** Opening Extracted data block **
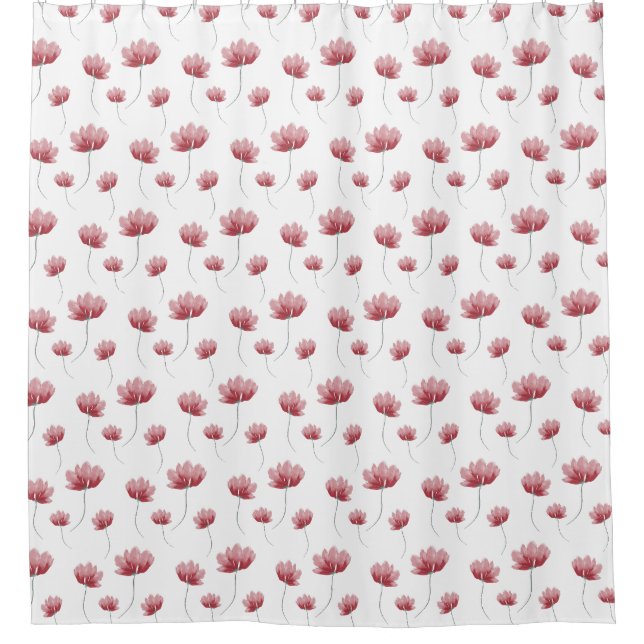 Elegant watercolor wildflower  shower curtain (Front)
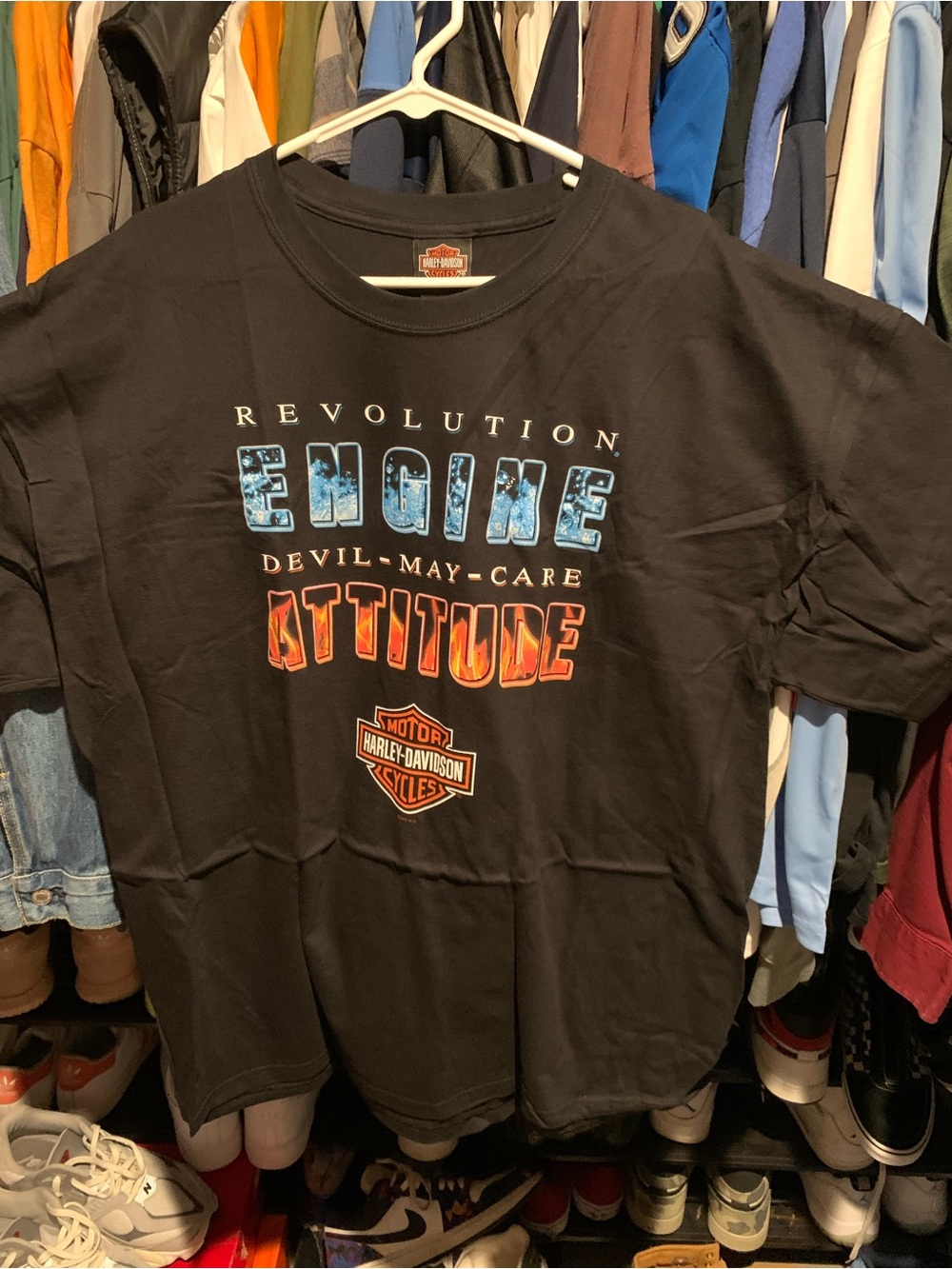 Harley-Davidson Black "Engine Attitude" Graphic Tee 2005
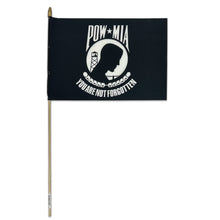 Load image into Gallery viewer, POW 12&quot;x18&quot; Stick Flag (Black)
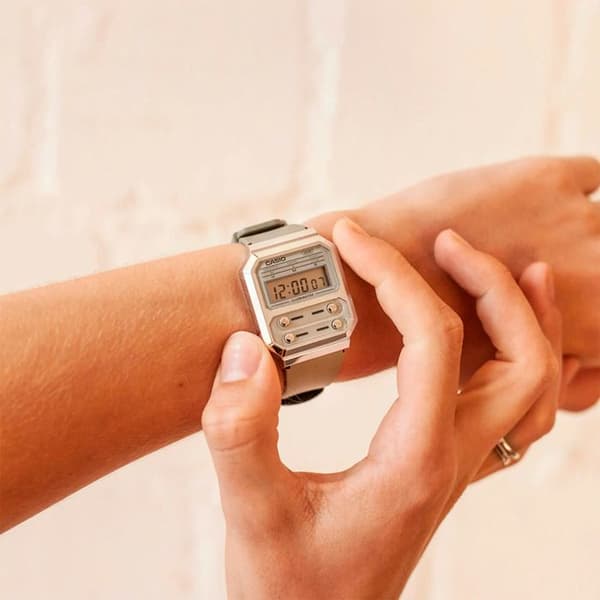 Casio Ur - Unisex - A100WEF-3AEF - Grøn - Plast - Kvarts - Digital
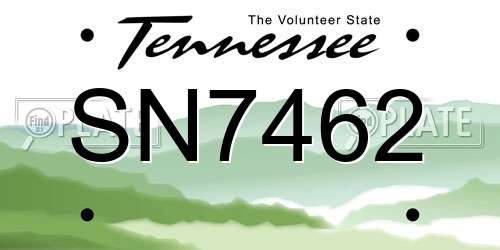 SN7462 Tennessee License Plate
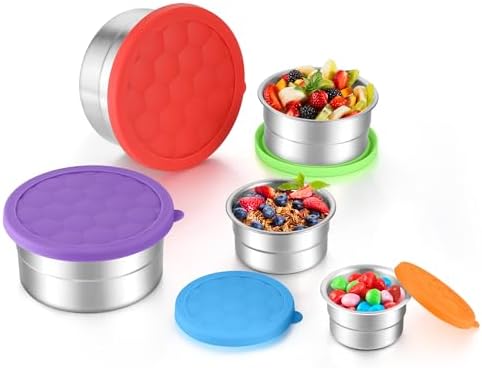 E-far Stainless Steel Food Containers with Lids Set of 5, Round Snack Containers for Kids Toddlers Adults, Metal Food Storage Box for School Lunch, Leak Proof (3oz, 6oz, 12.9oz, 20.3oz, 30.4oz) - Thumbnail 2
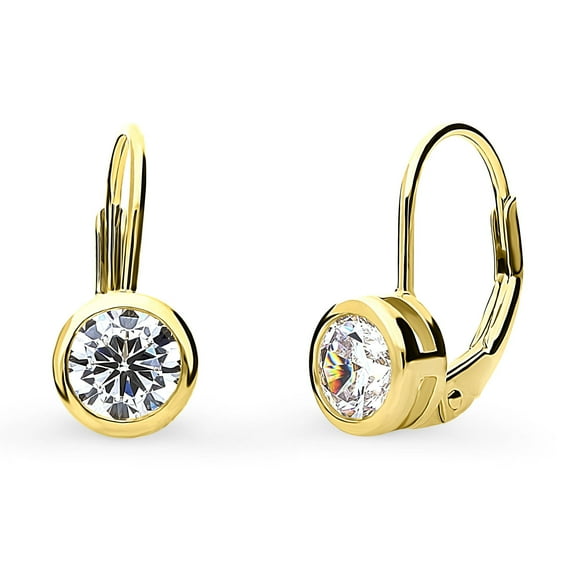 BERRICLE Sterling Silver Solitaire 1.2 Carat Bezel Set Round Cut Cubic Zirconia CZ Fashion Leverback Dangle Drop Earrings for Women, Yellow Gold Flashed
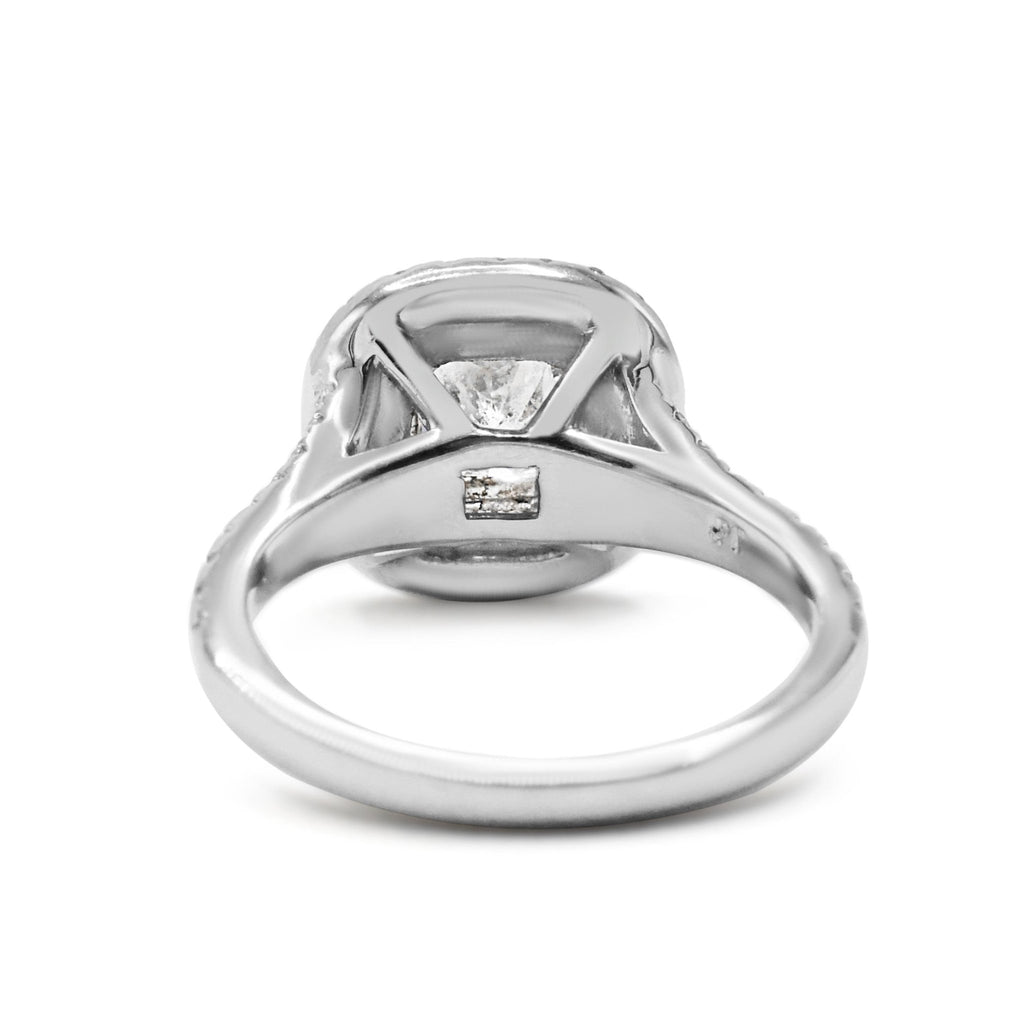 used GIA Certifcated Diamond Halo Ring - Platinum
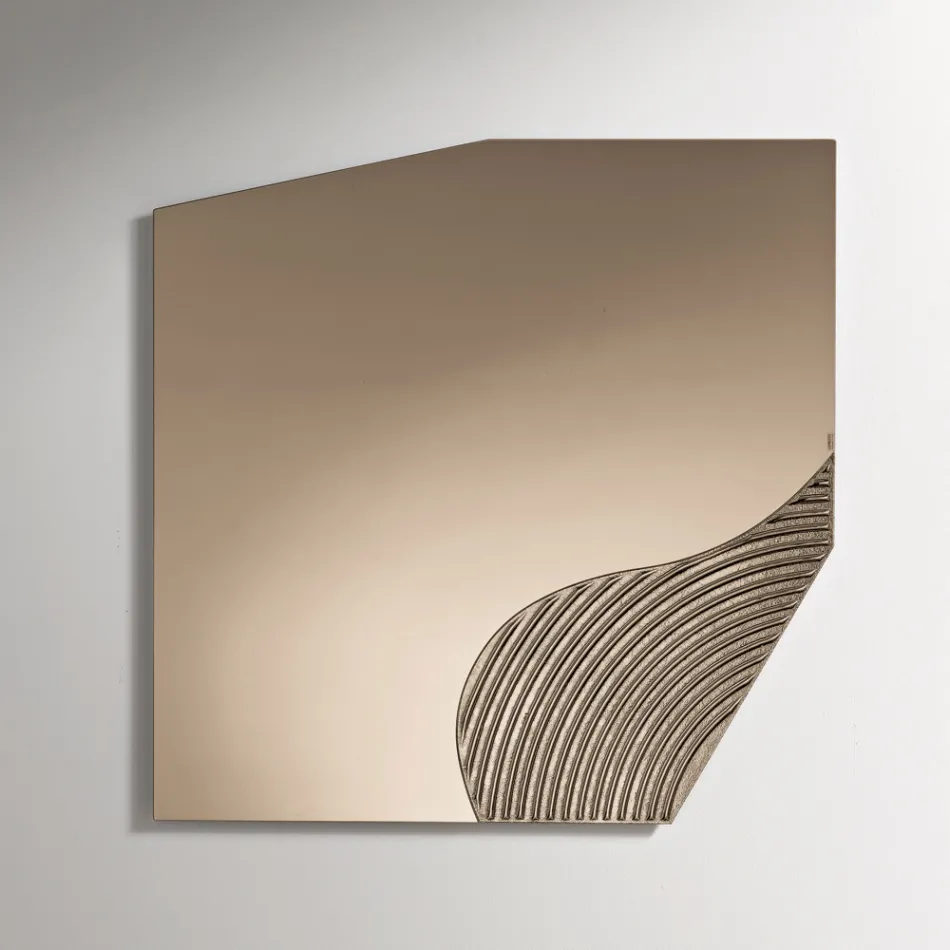 Espejo de pared Lirion con inserto a rayas bicolor, fabricado en Italia. Viadurini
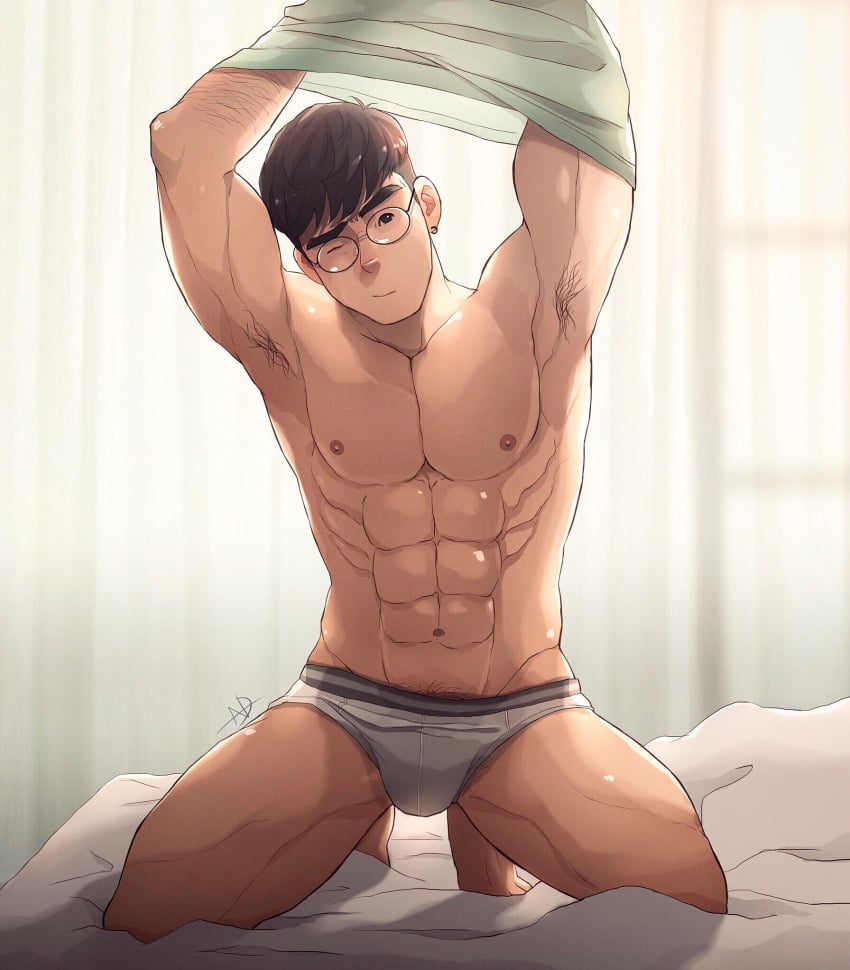 glasses male_only muscles muscular muscular_male nerdyart sinseong_(nerdyart) solo solo_male taking_clothes_off twitter_user_oc underwear wink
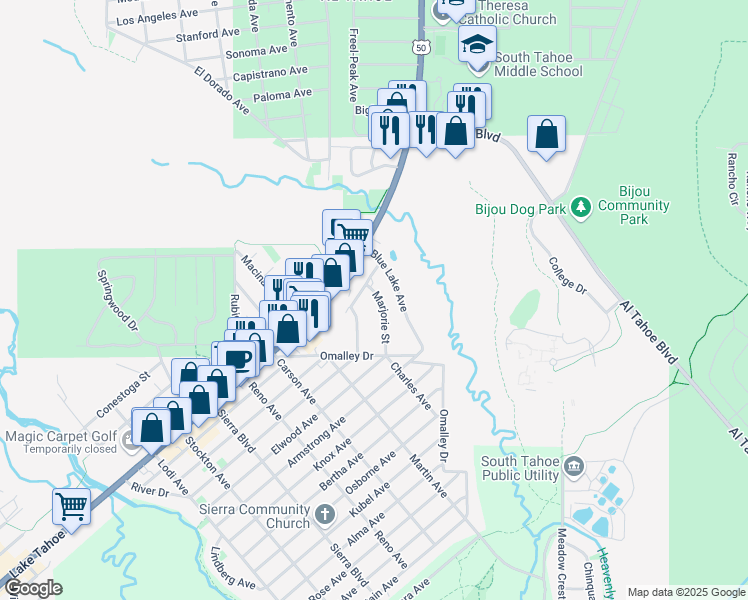 map of restaurants, bars, coffee shops, grocery stores, and more near 1032 Blue Lake Avenue in South Lake Tahoe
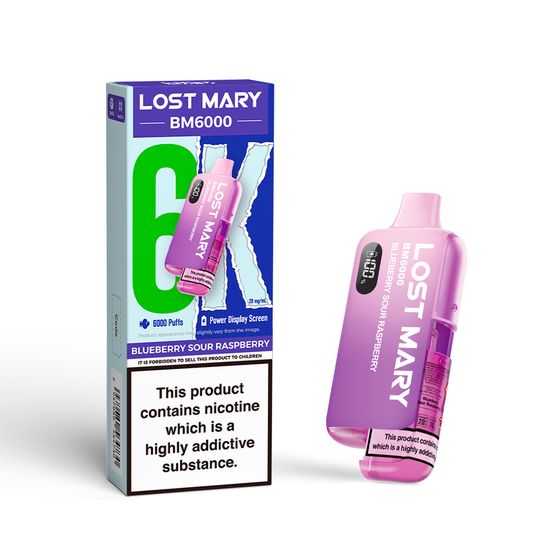 LOST MARY BM6000 Rechargeable Device (UK) 1PC Strength: 2% Nic ENG | Flavor: Blueberry Sour Raspberry cheap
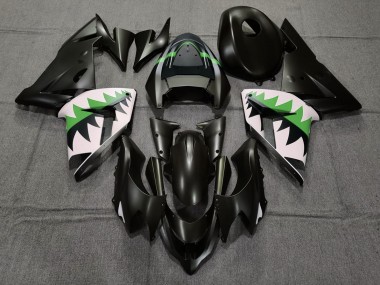 04-05 Matte Black and Green ZX10R Fairings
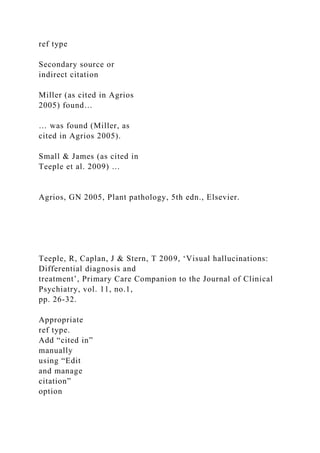 ref type
Secondary source or
indirect citation
Miller (as cited in Agrios
2005) found…
… was found (Miller, as
cited in Agrios 2005).
Small & James (as cited in
Teeple et al. 2009) …
Agrios, GN 2005, Plant pathology, 5th edn., Elsevier.
Teeple, R, Caplan, J & Stern, T 2009, ‘Visual hallucinations:
Differential diagnosis and
treatment’, Primary Care Companion to the Journal of Clinical
Psychiatry, vol. 11, no.1,
pp. 26-32.
Appropriate
ref type.
Add “cited in”
manually
using “Edit
and manage
citation”
option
** Closing Extracted data block **
Assignment:
Leave every image out and retype the entries above word for word.

Solution for this problem:
 Elegant watercolor wildflower  shower curtain (Front)
 Harley-Davidson Black "Engine Attitude" Graphic Tee 2005
 Load image into Gallery viewer, POW 12&quot;x18&quot; Stick Flag (Black)
 Casio Ur - Unisex - A100WEF-3AEF - Grøn - Plast - Kvarts - Digital
 SN7462 Tennessee License Plate
 E-far Stainless Steel Food Containers with Lids Set of 5, Round Snack Containers for Kids Toddlers Adults, Metal Food Storage Box for School Lunch, Leak Proof (3oz, 6oz, 12.9oz, 20.3oz, 30.4oz) - Thumbnail 2
 BERRICLE Sterling Silver Solitaire 1.2 Carat Bezel Set Round Cut Cubic Zirconia CZ Fashion Leverback Dangle Drop Earrings for Women, Yellow Gold Flashed
 used GIA Certifcated Diamond Halo Ring - Platinum
 Espejo de pared Lirion con inserto a rayas bicolor, fabricado en Italia. Viadurini
 glasses male_only muscles muscular muscular_male nerdyart sinseong_(nerdyart) solo solo_male taking_clothes_off twitter_user_oc underwear wink
 map of restaurants, bars, coffee shops, grocery stores, and more near 1032 Blue Lake Avenue in South Lake Tahoe
 LOST MARY BM6000 Rechargeable Device (UK) 1PC Strength: 2% Nic ENG | Flavor: Blueberry Sour Raspberry cheap
 04-05 Matte Black and Green ZX10R Fairings
 ref type
Secondary source or
indirect citation
Miller (as cited in Agrios
2005) found…
… was found (Miller, as
cited in Agrios 2005).
Small & James (as cited in
Teeple et al. 2009) …
Agrios, GN 2005, Plant pathology, 5th edn., Elsevier.
Teeple, R, Caplan, J & Stern, T 2009, ‘Visual hallucinations:
Differential diagnosis and
treatment’, Primary Care Companion to the Journal of Clinical
Psychiatry, vol. 11, no.1,
pp. 26-32.
Appropriate
ref type.
Add “cited in”
manually
using “Edit
and manage
citation”
option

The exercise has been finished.